There were 1,060 households, out of which 25.8% had children under the age of 18 living with them, 60.0% were married couples living together, 8.8% had a female householder with no husband present, and 28.0% were non-families. 25.8% of all households were made up of individuals, and 11.3% had someone living alone who was 65 years of age or older. The average household size was 2.36 and the average family size was 2.80.

In the CDP, the population was spread out, with 16.9% under the age of 18, 10.0% from 18 to 24, 35.3% from 25 to 44, 24.9% from 45 to 64, and 12.9% who were 65 years of age or older. The median age was 38 years. For every 100 females, there were 123.0 males. For every 100 females age 18 and over, there were 127.6 males.
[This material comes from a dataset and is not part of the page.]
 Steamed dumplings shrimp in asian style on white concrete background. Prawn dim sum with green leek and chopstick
The median income for a household in the CDP was $37,609, and the median income for a family was $41,594. Males had a median income of $31,842 versus $18,163 for females. The per capita income for the CDP was $16,173. About 3.0% of families and 4.8% of the population were below the poverty line, including 1.4% of those under age 18 and 8.1% of those age 65 or over.
==Motocross==
On June 1, 2013, the Lucas Oil Pro Motocross Championship was held at Muddy Creek Raceway in Blountville. This was the first time the Pro Motocross Championship was held in the South in 15 years. The 2013 Built Ford Tough Tennessee National was the first ever Pro National held at Muddy Creek Raceway.

==Education==
Blountville has five public schools. The three elementary schools are Holston, Indian Springs, and Central Heights Elementary School. The new middle school is Sullivan Central Middle School. High school students attend the recently opened West Ridge High School. The community is also the site of Northeast State Community College.
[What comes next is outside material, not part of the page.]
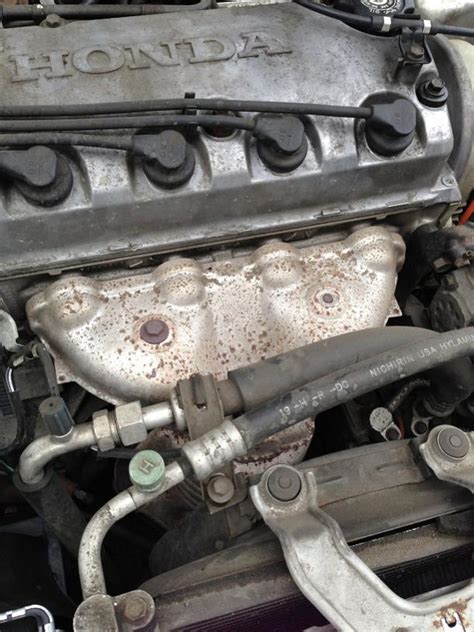 where is the catalytic converter on a honda civic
Elementary and middle school students formerly attended the Blountville Elementary & Middle School just outside the downtown area until closing in May 2021 and is the first time in 200 years that no school has operated in the community

==Transportation==
Blountville is the site of the Tri-Cities Regional Airport, located in Blountville primarily because of its central location between Johnson City, Kingsport, Bristol, TN/VA. NASCAR champion Alan Kulwicki died in an airplane crash near Blountville.

==Recreation==
Blountville's historic district includes two 18th-century buildings— the Old Deery Inn and the Anderson Townhouse— and several notable 19th-century structures. Appalachian Caverns and Boone Lake are located just south of Blountville.

==Notable people==
- Lannie Haynes Martin (1874–1938), poet and editor
- Ron Ramsey, 49th Lieutenant Governor of Tennessee.